The International Chamber of Commerce (ICC) has established Incoterms, or international commercial terms, to make global trade simpler. These universally acknowledged guidelines define the responsibilities of both buyers and sellers in international trade contracts and business deals. While some of these terms are applicable to all transport modes, others are exclusively for waterway shipments.
What is Free On Board (FOB)?
Free on Board (FOB) is a term used in international trade to define who covers transportation costs and at what stage the risk of the goods is transferred.
- Packaging and loading the goods
- Providing necessary shipping documentation for export customs clearance and covering taxes
- Delivering the goods to the specified port
- Covering the origin terminal handling charges (OTHC)
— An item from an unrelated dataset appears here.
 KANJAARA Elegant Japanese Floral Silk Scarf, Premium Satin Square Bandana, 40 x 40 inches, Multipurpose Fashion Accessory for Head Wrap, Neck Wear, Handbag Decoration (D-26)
- Paying for the cost of goods
- Covering the freight and insurance costs linked to transportation
- Managing customs clearance at the entry port and covering applicable import duties or taxes
- Unloading and inland transportation costs
- Import duties, customs clearance, and any applicable taxes or fees
While these are the general responsibilities that apply, the risk transfer depends on whether you are using “FOB Origin” / “FOB Shipping Point” or “FOB Destination”.
FOB Origin / FOB Shipping Point
“FOB Origin” or “FOB Shipping Point” indicates that the buyer takes ownership of the goods as soon as they leave the seller’s premises. From here, the buyer bears all risks and costs related to possible damage or loss of goods during transportation.
On the other hand, “FOB Destination” agrees that the seller takes on responsibility for the goods until they arrive at the buyer’s designated location. Once the goods reach their destination, the ownership and risk transfer to the buyer.
When to use Free On Board (FOB)
It’s important to underline that FOB is specific to ocean freight shipping, while other Incoterms are more suitable for different modes of transport, like EXW (Ex Works and CPT for example.
Using FOB (Free on Board) for containerized goods is a common mistake that can expose exporters to unnecessary risks. In fact, under FOB, the responsibilities shift once the cargo is on the ship but in case of containerized goods, shippers usually deliver the cargo at the terminal, where it then awaits to be loaded onto the vessel. This interim period, which can be hours or even days, creates an ambiguous zone of accountability. To avoid these risks for containerized freight, it’s advisable to use alternatives such as FCA (Free Carrier) or CPT (Carriage Paid To that are specifically designed for containerized shipments and provide clearer delineation of responsibilities.